Grande puissance de feu
Pour venir à bout de ce qui était censé être une forteresse, l’armée syrienne et ses alliés ont mobilisé, selon une source proche du Hezbollah libanais, pas moins de trente-cinq mille hommes, déployés sur un front de 80 kilomètres entourant les quartiers Est. Le gros des troupes était formé d’unités de l’armée syrienne, dont des régiments d’élite de la Garde républicaine, la division palestinienne al-Qods, relevant de l’état-major syrien, et la milice supplétive des «Aigles du désert», composée d’éléments tribaux. Mais il y avait aussi plusieurs milliers de soldats aguerris du Hezbollah, des Gardiens de la révolution iraniens, des membres de la milice irakienne al-Nujaba’, et des combattants chiites afghans appelés les «fatimides». Des dizaines d’officiers et de soldats des forces spéciales russes étaient également déployés sur les lignes de front.
Cette armée disposait d’une impressionnante puissance de feu, composée de centaines de pièce d’artillerie de campagne, de lance-roquettes multitubes, de mortiers, de mitrailleuses lourdes de 23 mm, 14,5mm et 12,7 mm, ainsi que d’une centaine de tanks et des dizaines de véhicules blindés, selon un général libanais à la retraite, expert de la guerre syrienne.
Sous le commandement du célèbre colonel Souheil al-Hassan, surnommé « Le tigre », cette force a mis en œuvre des tactiques militaires inspirées par cet officier, connu pour ses méthodes frontales. Au lieu de concentrer son effort sur les points faibles du front, l’armée syrienne et ses alliés ont attaqué les secteurs bien défendus, utilisant des tactiques de diversion et de segmentation des lignes ennemies. La chute de Hanano, le plus grand quartier situé à l’extrémité Est d’Alep, a porté un coup décisif au moral des rebelles, qui s’attendaient à une offensive d’envergure à Cheikh Saïd, au sud-ouest.
Un soldat de l'armée syrienne devant un bâtiment en ruines d'un quartier d'Alep.REUTERS/Omar Sanadiki
Briser la volonté de l’ennemi
Toutefois, la puissance de feu et la supériorité numérique ne sont pas des atouts suffisants dans une guerre urbaine. La volonté de combattre reste un élément important, qui peut contrebalancer des facteurs qui font défaut chez le défenseur, explique le général libanais. Pour accélérer l’effondrement des rebelles, le régime syrien a procédé à un vaste travail de sape à l’intérieur des quartiers Est, avec pour objectif de désolidariser les habitants des rebelles. Des cellules dormantes implantées au sein de la population ont été activées quelques semaines avant l’offensive finale, le 15 novembre. Parfois, les résidents d’Alep étaient surpris de trouver, à leur réveil, le drapeau officiel syrien hissé sur des bâtiments à Alep-Est. Des vidéos filmées discrètement, montraient des rebelles en colère, arrachant ces drapeaux, et demandant aux gens de dénoncer ceux qui les ont plantés.

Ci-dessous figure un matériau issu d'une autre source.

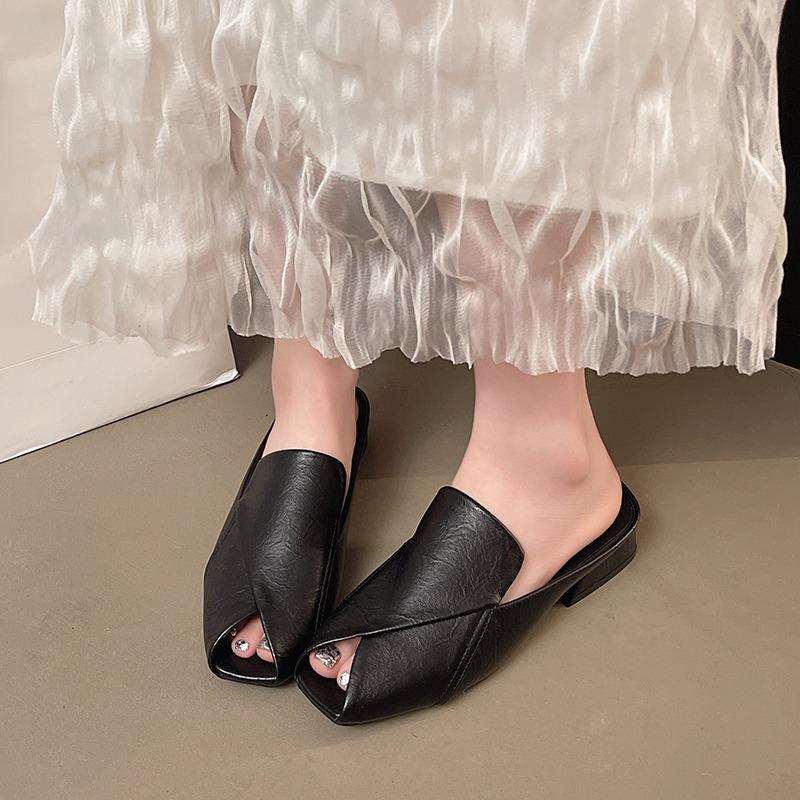 Baotou Spring and Autumn Slippers Women's Medium Heel Casual Fashion Slippers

Après ces incidents, la méfiance a commencé à s’installer entre les insurgés et une partie de la population, qu’une vaste campagne médiatique initiée par le régime s’est employée à approfondir. C’est ainsi que des rumeurs distillées par les réseaux sociaux et relayées par des médias ont accusé les rebelles de monopoliser les vivres et la nourriture, distribués parcimonieusement aux habitants en raison du siège imposé par le régime, depuis juillet 2016. Des informations accusaient ainsi les groupes rebelles de favoriser leurs combattants et leurs familles, au détriment des citoyens ordinaires, ce qui n’était pas totalement faux.

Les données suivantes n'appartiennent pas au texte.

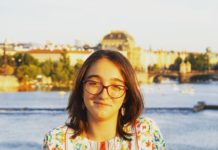 “Cartea este izvorul din care curge fără încetare înțelepciune”- interviu cu Teodora Ștefu, tânăra scriitoare slătineancă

La tension est montée à un tel point que des émeutes ont éclaté et ont été réprimées par les insurgés. Le 19 novembre, les médias russes et proches de Damas ont fait était de 17 morts et 40 blessés civils lorsque des rebelles auraient ouvert le feu sur des protestataires. L’Observatoire syrien des droits de l’homme, proche de l’opposition, a confirmé ces manifestations, faisant état de victimes. Le ressentiment d’une partie des habitants a grandi lorsque les rebelles ont interdit aux civils d’emprunter les « couloirs humanitaires » instaurés par la Russie et les autorités syriennes à l’intention de ceux qui souhaitaient quitter Alep-Est, soumis à un pilonnage incessant.
Un combattant rebelle marchant arme à la main vers les bastions de la province d'Alep restés sous contrôle des insurgés, le 22 décembre 2016.REUTERS/Ammar Abdullah
Des journalistes agents doubles
Le régime et ses alliés semblaient, par ailleurs, bien renseignés sur les forces rebelles en présence, leurs zones de déploiement et l’armement dont ils disposaient. Après la fin de la bataille, il est apparu que les groupes rebelles étaient infiltrés par des agents doubles, qui travaillaient sous des couvertures diverses. Ainsi, des journalistes ou des citoyens-journalistes de la chaîne de télévision pro-rebelles « Alep aujourd’hui » ou la Brigade des libres de Syrie, sont passés dans la partie Ouest, contrôlée par le gouvernement, quelques jours seulement avant l’évacuation des rebelles et des membres de leurs familles de la ville.
Le journal électronique libanais al-Modon, proche de l’opposition syrienne, a rapporté que les journalistes Naïm Khawajiki et Bachar Nahhal, bien connus du public, ont secrètement quitté Alep-Est pour les zones pro-régimes. Les deux hommes travaillaient pour le compte de la Brigade des [hommes] libres de Syrie, essentiellement déployée dans la vieille ville d’Alep, aux alentours de la citadelle et dans le quartier de Bab-Hadid. Leur fonction leur permettait de se rendre sur le front et dans les bases rebelles, ce qui leur donnait accès à de précieuses informations. Al-Modon indique qu’un autre journaliste-vedette, Ahmad Mostapha, proche des groupes islamistes, a rejoint secrètement Alep Ouest, ainsi que Amer Abou Cham, membre du département de communication de la Défense civile, relevant des rebelles dans les secteurs Est.
Ces militants, et d’autres aussi, n’ont pas été inquiétés par le régime, ce qui prouve, selon le journal électronique, qu’ils étaient des « agents doubles » qui fournissaient à l’armée syrienne des informations sur la situation dans les quartiers Est. Des médias proches de Damas ont d’ailleurs confirmé que des « repentis sont retournés dans le giron de l’Etat », sans toutefois donner de noms.
La bataille d’Alep n’était pas uniquement une campagne militaire mais aussi une guerre psychologique.